> [Brief]
Extract the lines beginning at the one that holds "Canadian casino entrance" and ending at the final line of the material below, keeping them exact and leaving out all pictures.

──────── The data

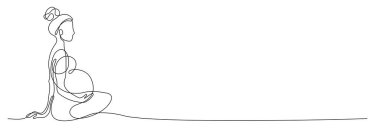 Hamile kadın aralıksız bir çizim ve kadın gündüz ana hatları vektör çizimi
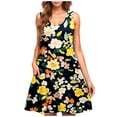 thumbnail image 2 of Viikei Womens Dresses Plus Size Clearance Sales,Summer Dresses for Women 2025,Women's Casual Plus-size Sleeveless Round Neck Short Floral Dress Yellow L, 2 of 5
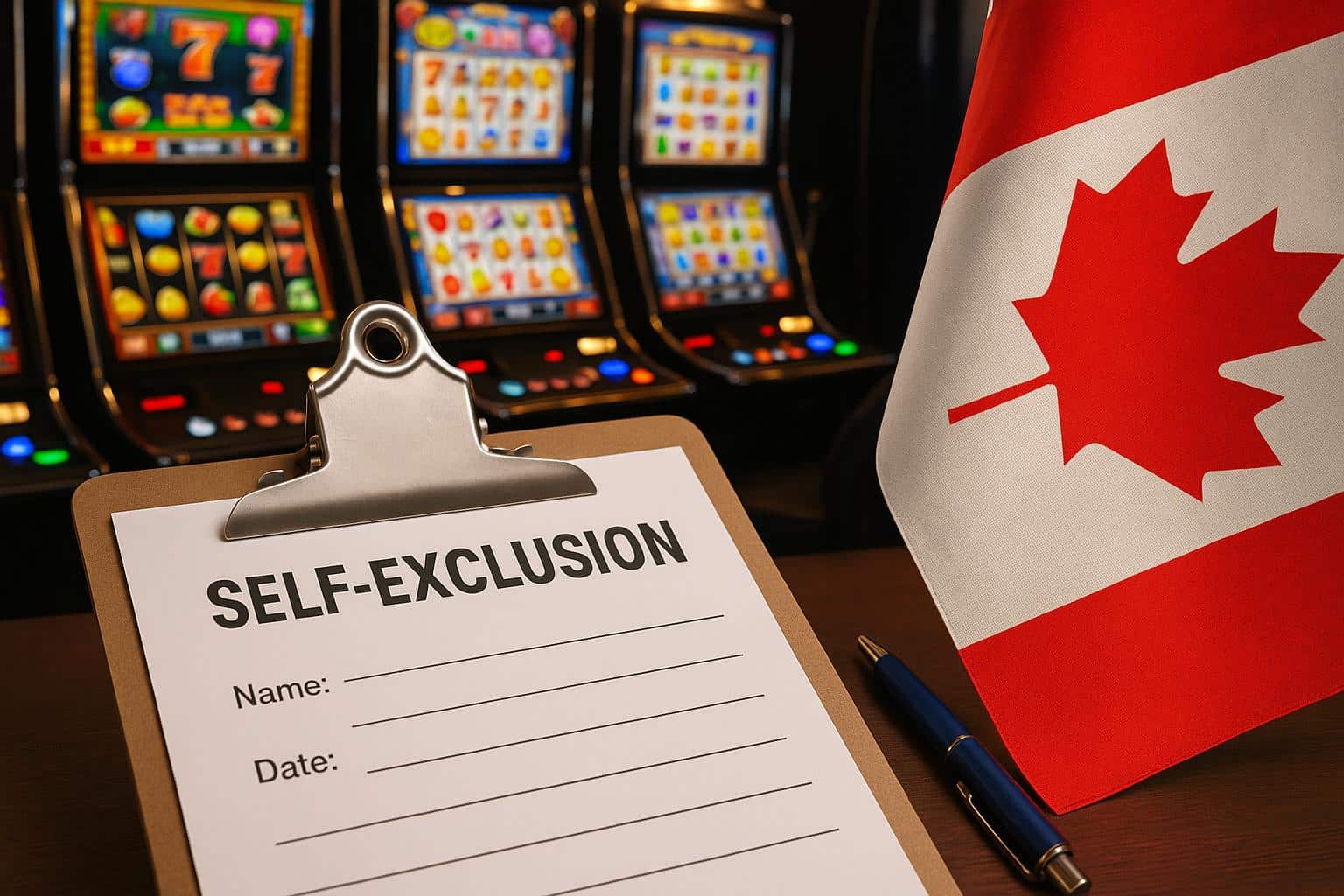 Canadian casino entrance with self-exclusion sign highlighting responsible gambling policies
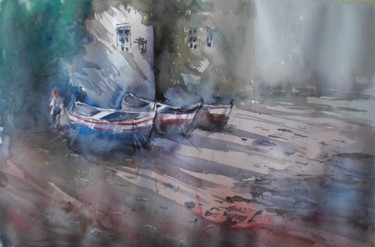 「boats 36」というタイトルの絵画 Giorgio Gostiによって, オリジナルのアートワーク, 水彩画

────────────────

> [Solution to the exercise]
 Canadian casino entrance with self-exclusion sign highlighting responsible gambling policies
 「boats 36」というタイトルの絵画 Giorgio Gostiによって, オリジナルのアートワーク, 水彩画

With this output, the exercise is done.